Jusqu’à 2012, je n’avais jamais peint de visages, je trouvais que c’était trop psychologisant et compliqué compte tenu de la manière dont je peignais. J’ai donc réalisé une série en me demandant comment je pourrais figurer le visage humain sans que ça me gêne. Il y a, à l’intérieur, des répétitions mais pas de sérialité. Ce sont des doubles. Mais, comme dans mes images, rien n’est véritablement « particulier » ; ça ne ressemble pas à Paris quand je suis à Paris ni à New York quand je suis à New York, je ne recherche pas des idées spéciales. Je m’intéresse depuis longtemps les estampes japonaises pour exprimer la ligne de contour. Si elle est tendue comme il faut, on n’a pas besoin de modeler, pas besoin de raccourci, elle exprime tout.

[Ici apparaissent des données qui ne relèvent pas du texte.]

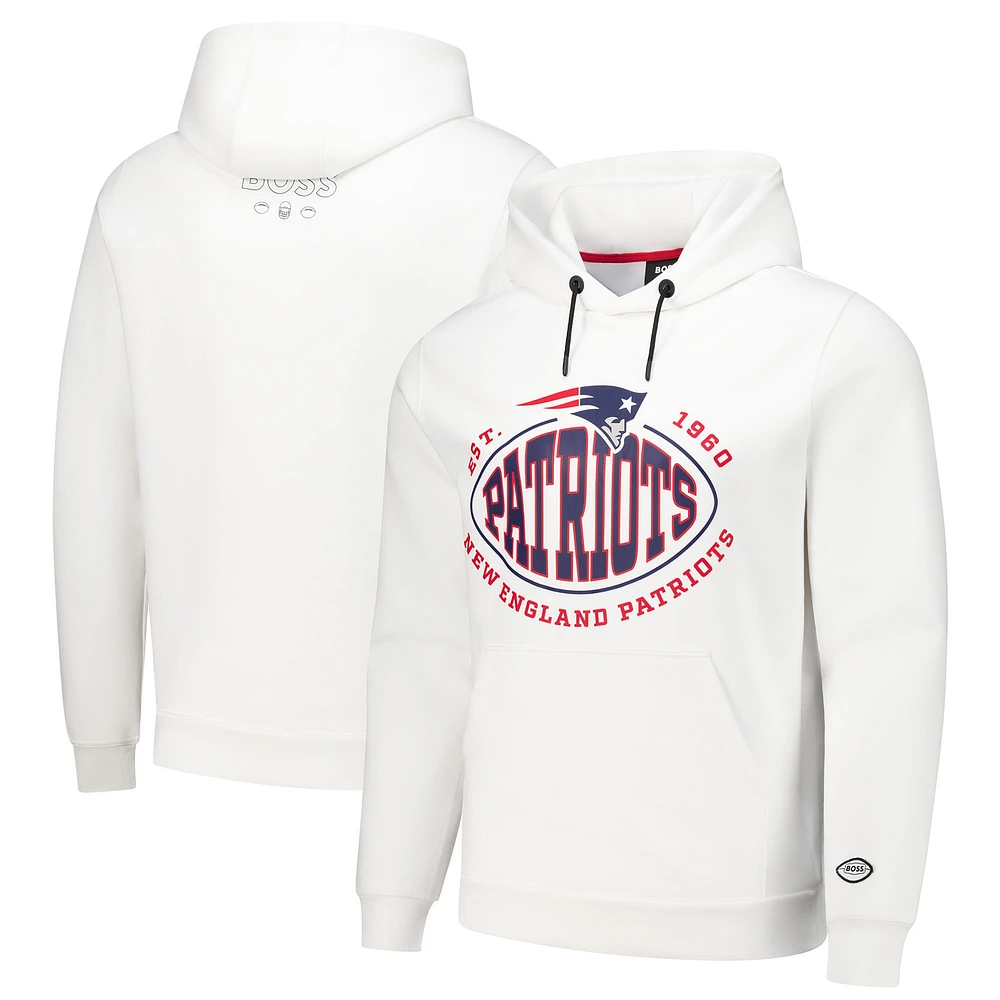 Sweat à capuche manches longues BOSS X NFL pour homme, blanc, New England Patriots Touchback Tri-Blend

Est-ce une manière de chercher une épure dans le prolongement ?
Non, il s’agit sera plus d’essayer de modifier le regard qu’on a sur l’objet tableau sans toucher à l’objet, réaliser simplement un petit déplacement. J’ai l’impression d’avoir quelque chose qui est à moi en peinture. Autant creuser alors dans ce sillon exact ; les travaux artistiques m’apparaissent comme des diamants, cela ressemble à des cailloux informes et, plus on coupe, plus ils se précisent. Je me suis demandé longtemps ce que je pouvais peindre qui soit intéressant « aujourd’hui ». La série que j’avais présentée au prix Emerige s’appelait Modern Life,une référence aux peintres de la vie moderne aussi. Evidemment la figure humaine revient souvent et la nature n’est que peu représentée autrement que comme un motif. La plupart de mes formes considèrent le rectangle à partir duquel elles partent, d’où l’importance des formes géométriques, faites par l’homme donc, au contraire d’une nature par définition moins « ordonnée ». Je la traite comme un motif, par la répétition.
C’est une façon de lui redonner un ordre…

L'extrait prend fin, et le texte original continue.